多聞コラム19mar2019_vol,222「ゴリゴリ多聞、自伝を語る77」NFLE2年目2

1999年3月9日

関西空港からドイツに到着。NFLが用意してくれているホテルに宿泊します。夕食はレストランで食べましたが、ビールもたらふく飲みました。何と言ってもお代はNFLが払ってくれますので僕は伝票にサインするだけ。「そんな事してあとで請求きたらどないしますのん」と河口正史氏にたしなめられても飲まな損や!とばかりにガブ飲みしてやりました。もちろん請求は来ませんでしたので呑み得でした。

1999年3月10日

翌朝はドイツ人選手ら10名程と一緒にフロリダ州オーランドへ到着。集合場所のホテルには昨年度と同様6チームのプレーヤー全員がウジャウジャと集まっていました。プロチームの仕組みは、毎年解散してまた翌年に集まり新チームでスタートする、と言った方がわかりやすいと思います。入団が古いと「兄さん」や「センパイ」となる日本と違い、よほどのフランチャイズプレーヤーでなければ皆同格になります。ご存知の通り年齢での上下関係もありません。

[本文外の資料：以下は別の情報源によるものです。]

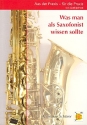 Was man als Saxophonist wissen sollte 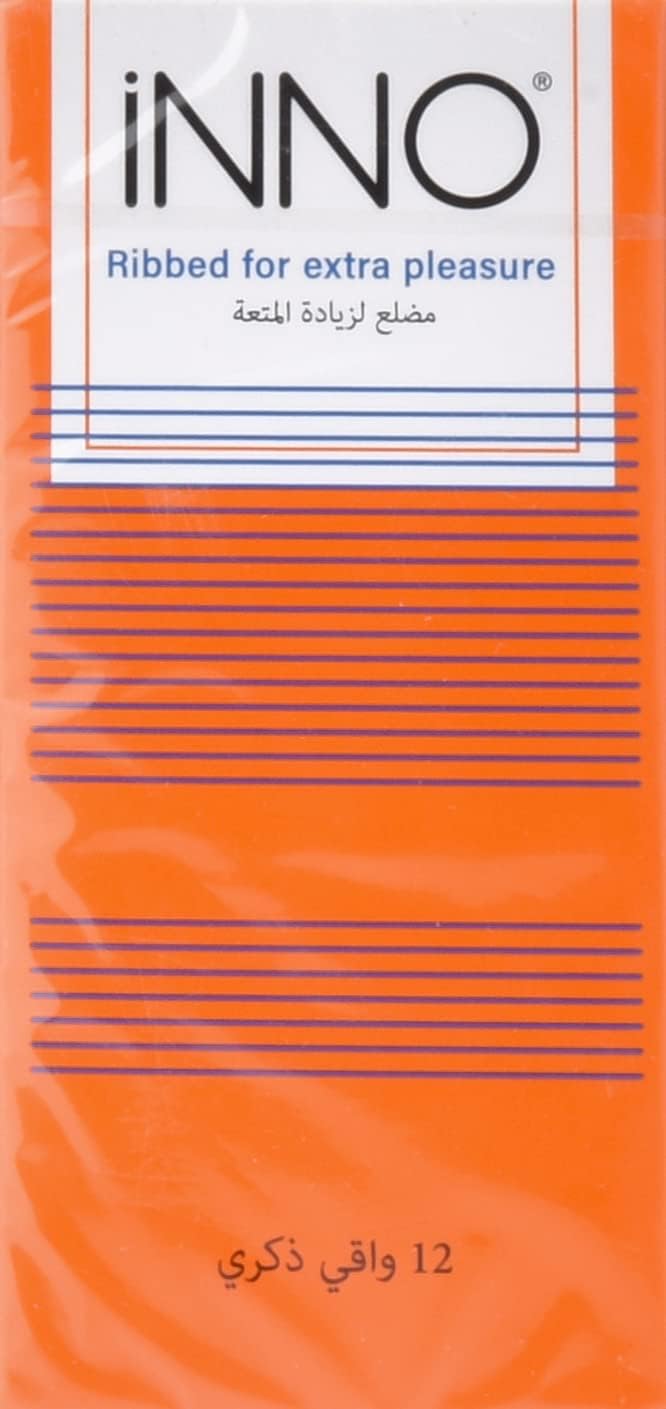 انو واقي ذكري مضلع بدون متعة  12 قطعة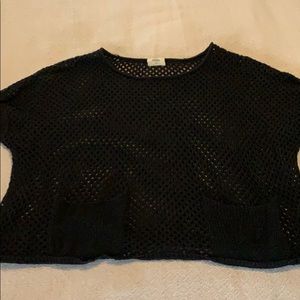 Short sleeve sweater Relaxed fit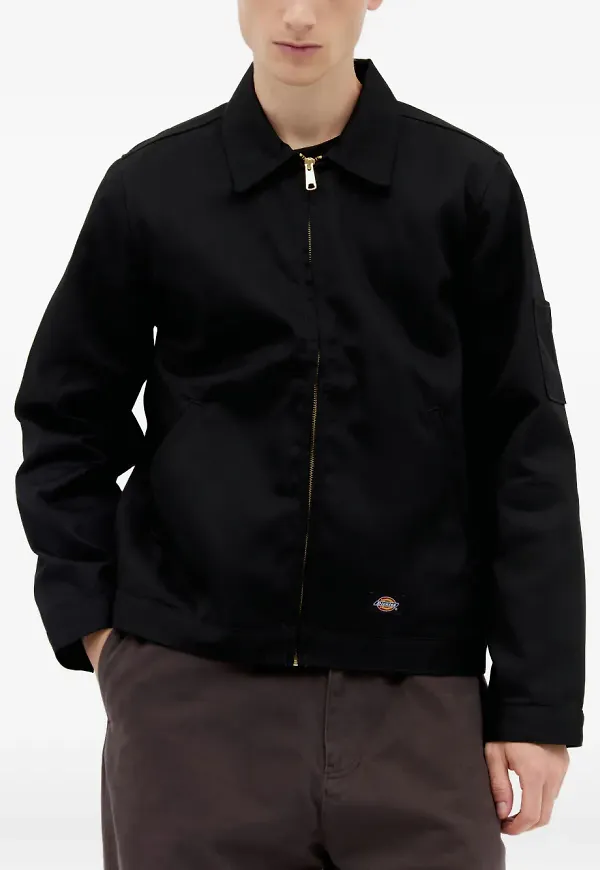 Dickies Construct Eisenhower jacka med dragkedja - Svart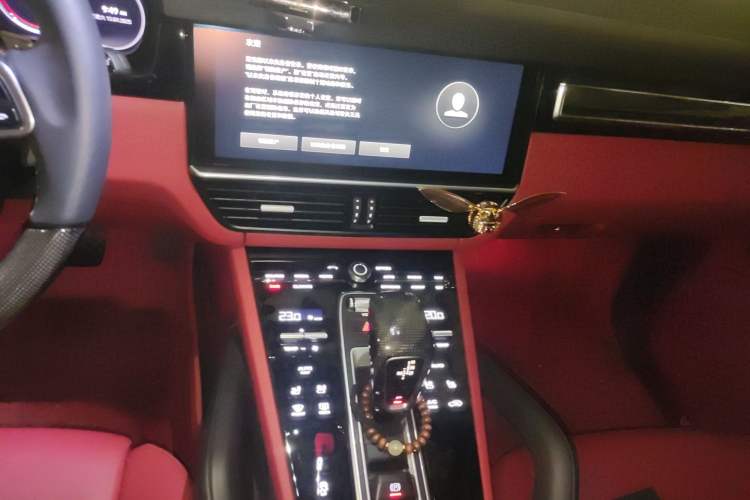 Used Porsche Cayenne 2023 Cayenne 3.0T Platinum Edition Audio And AC Panel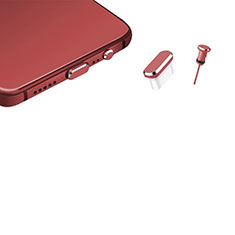 Staubschutz Stöpsel Passend USB-C Jack Type-C Universal H17 für Apple iPhone 15 Plus Rot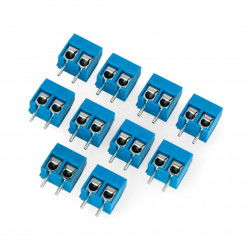 ARK Stecker KF301 Raster 5,0mm 2 Pin (-) - 10 Stk.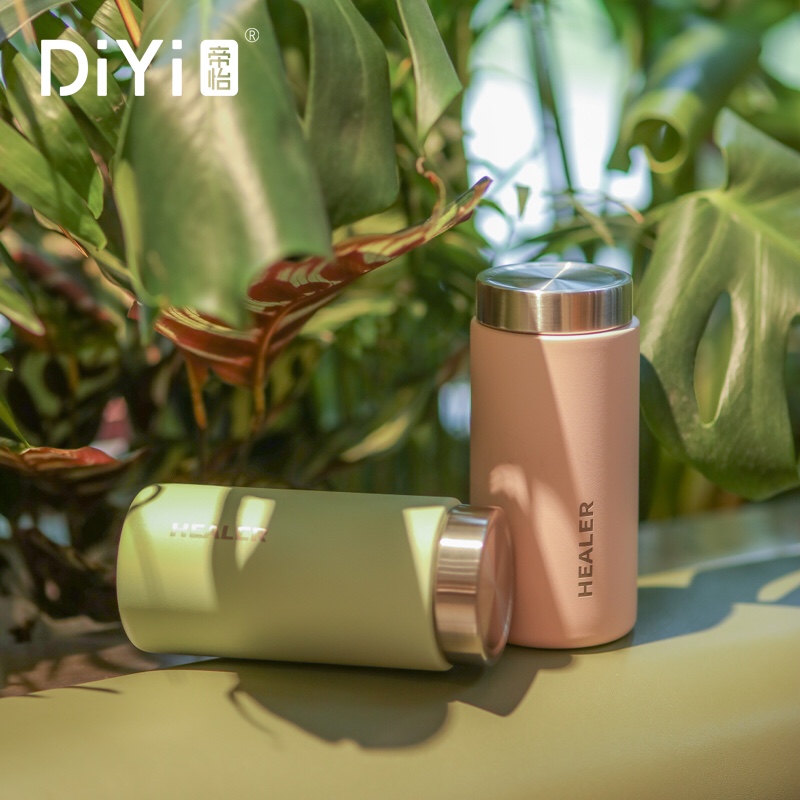 DY-BW1098 Diyi and Changzhi Cup 80ml steel cap screw on, powder-coated paint surface, six soft colors, 316 medical-grade stainless steel. Super value style, a must-have for autumn and winter! Application Scenario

「ラインファイヤー1999」という昨年とは違うチームが結成されるというわけです。例によってメディカルチェックが始まっています。半裸の超マッチョマンらが約500人ウロウロする光景を見るのも1年ぶり。しかし昨年のように「こんな奴らと戦えるはずが無い!」と弱気になる事もなく、こいつらの筋肉は見せかけだけ。強さは同じ。何なら根性は俺の方が上じゃ!くらいの意気込みで裸の団体に貧弱な体で突入しました。

昨年は気まずくて恥ずかしくて困惑まくりだった「白衣のオッさんにティムポをジーーッと見られながらの尿検査」も緊張せずサクッと完了。雑誌1冊分くらいの契約書全てのページに目を通しサインする作業も今年はイチイチ英文を読まずにサササと済ませ、貴重な休憩時間を有意義に過ごすため直ぐに部屋へ。

昨年のルームメートは風呂に入らないドイツ人のオーレくんでしたが、今年は普通のアメリカ人。日本からきたRBのタモンだよ。今年で2年目よろしくね!なんて挨拶してミーティングに向かいました。

プレーヤー80名強、監督、コーチ6人、スタッフ4人、トレーナー3人のおおよそ100名で構成され、プレーヤーはここからカットされるのでヨーロッパに行く時には確か53名に絞られます。トレードや解雇、ここからの30日で悲喜交々なドラマが生まれます。

昨年のチームに居た顔なじみは約10名。つまり優勝メンバーですね。おじいちゃん監督のホールコーチが「おい!おんどれら!今年も優勝目指して頑張るで!気合い入れろや!」なんて感じでチーム最初の全員集会は終了しオフェンスディフェンスに別れてミーティングです。そのあとはバスで10分ほどのグランドに行き軽く運動してホテルに戻って夕ご飯。23時までミーティングで就寝。明日からは恐怖の午前午後練が始まります。昨年同様、1回目のオフ日がいつなのかはアナウンスされませんでした。

1999年3月11日

日本を出発して3日目。最高の食事ばかり提供される幸福が僕のやる気を増幅させています。3食の全てが食べ放題。農耕民族が胃袋の隙間を埋める為に開発された「ライス」など出てきません。お腹いっぱいになるまで肉類を貪り続けられるのです。何だかよくわからない野菜の料理にも肉が入っています。もちろんピザやバーガー、ホットドッグなんかも出てきますので、僕にとっては完全なる楽園です。しかも大好きなフットボールで給料がもらえるのです。この時点で東洋人が到達できる最高峰で、ランニングバックしていればお金が貰えるなんて、こんな幸運はありません。僕のような人間性でも感謝の気持ちが心の底から湧いてきました。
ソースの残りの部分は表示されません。